Tokyo: Japan's ruling party elected Finance Minister Yoshihiko Noda its new chief on Monday, paving the way for him to be the next prime minister and inherit the daunting task of recovering from the huge tsunami and nuclear crisis.

Noda, 54, is known as a fiscal conservative and has lately been battling a sluggish economy, bulging national debt and the yen's record surge, which hurts Japan's exporters by making their products more expensive overseas.

As prime minister - Japan's sixth in five years - he will have to broaden his scope to deal with the continuing reconstruction from the March 11 quake and tsunami along the northeastern coast and the 100,000 people who remain dislocated because of radiation leaking from a tsunami-damaged nuclear plant.

"Let us sweat together for the sake of the people," he said after the vote. "This is my heartfelt wish."

Noda will replace Prime Minister Naoto Kan, who announced Friday that he is resigning after nearly 15 months in office plagued by public discontent over political infighting and his administration's handling of the disasters.
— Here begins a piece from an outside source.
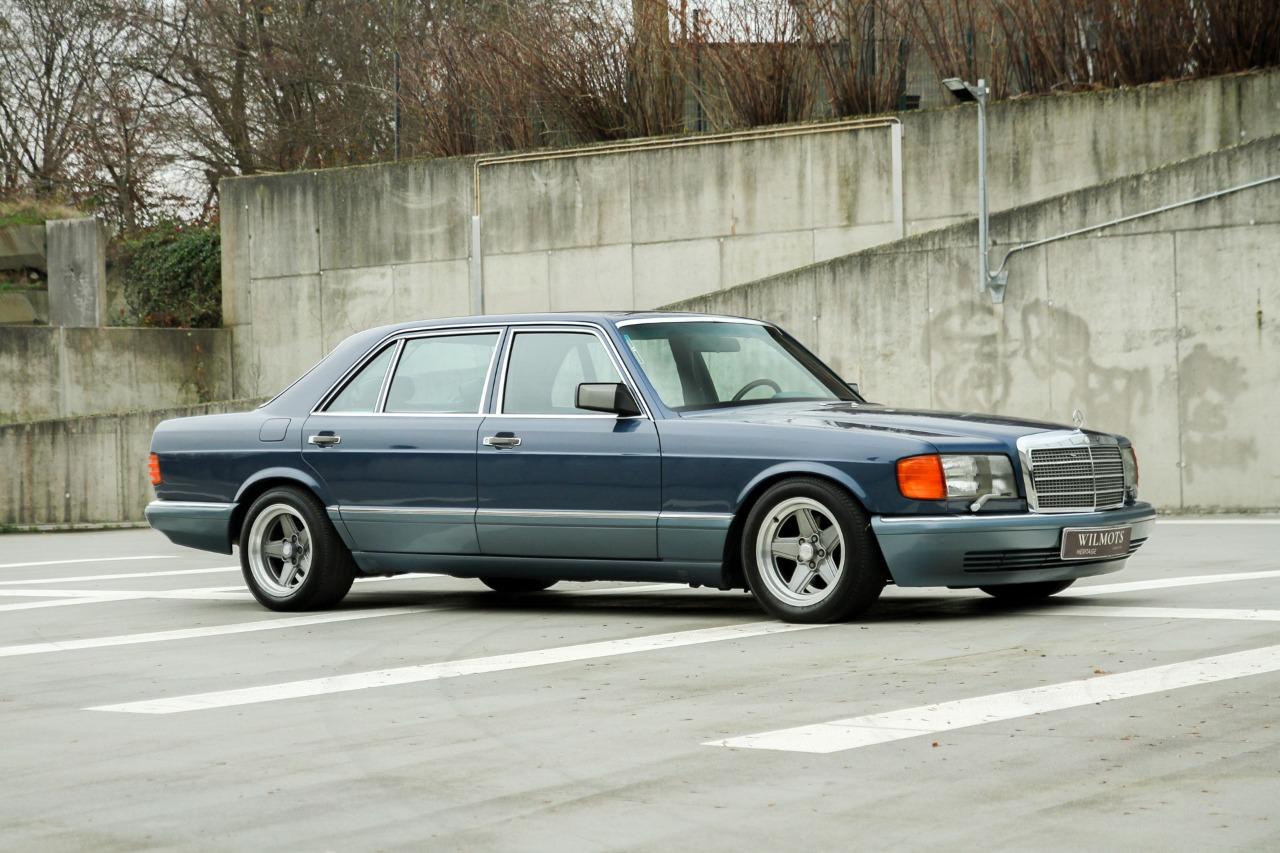 MERCEDES 560 SEL AMG Tribute - 1990 LesAnciennes.com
Noda defeated Trade Minister Banri Kaieda - who was backed by an influential behind-the-scenes party kingpin - in a run-off election 215-177 among ruling party members of parliament after none of the initial five candidates won a majority in the first round. Noda will go on to become prime minister because the Democrats control the more powerful lower house of parliament. His Cabinet will likely be installed later this week.

After the vote, Noda said the three most pressing challenges facing the nations are recovering from the tsunami, bringing to a close the nuclear crisis and dealing with the strengthening of the yen and the deflationary pressure it has put on Japan's economy.

Noda came from behind to win the run-off, getting 102 votes in the first round to Kaieda's 143. The result could be seen as a slap against Ichizo Ozawa, a scandal-tainted party powerbroker who threw his support behind Kaieda.

Ozawa, a 69-year-old veteran who heads the largest faction in the ruling Democratic party, is known for engineering elections, sending novices to parliament and dooming some candidates to defeat. He is embroiled in a political funding scandal but his presence has hung like a shadow over the party leadership campaign.

Ozawa's dislike of Kan was one reason Kan never fully got his party's backing while in power.

After the vote, Noda called for party unity, using a popular rugby term in Japan referring to the tradition that after a game ends, there are no longer opposing sides on the field.

Noda is a staunch supporter of the Japan-U.S. security alliance, which he has called "essential for Japan's security and prosperity." And while praising China's economic development, he has cited concerns about their growing military strength.

Noda is not from an elite background like many Japanese politicians. His father was a member of the Self-Defense Force, Japan's military. He began honing his political skills at a postgraduate institute designed to groom a new generation of progressive leaders.

Before he took on a ministerial post, he was known for standing at train stations in his district in Chiba, just east of Tokyo, every morning to greet commuters personally.

As finance minister since June 2010, Noda has been contending with budgets and a strong yen, which hit a post-World War II high against the dollar earlier this month.

Noda was the most outspoken among the candidates about the need to raise the 5 percent consumption tax to reduce the public deficit, which is twice the country's gross domestic product, but toned down his tax talk ahead of the election. No quick change is expected on taxes, which would need parliamentary approval.

Many Japanese say taxes eventually need to be raised because of costs of disaster recovery and social welfare for an increasingly aging society.

Noda must also deal with a divided parliament, which has increased gridlock, after the opposition won control of the upper house last summer.

Japan has been plagued by rapid turnover in political leadership that has undermined its ability to tackle serious problems. The past five prime ministers lasted about a year each; Kan lasted the longest at nearly 15 months.

Kaieda is the third Democratic leader since the party surged to a landslide victory two years ago, dumping the long-ruling conservative Liberal Democratic Party, amid widespread hope for change. Those hopes have been largely dashed amid public disappointment over scandals and a perceived lack of decisive leadership.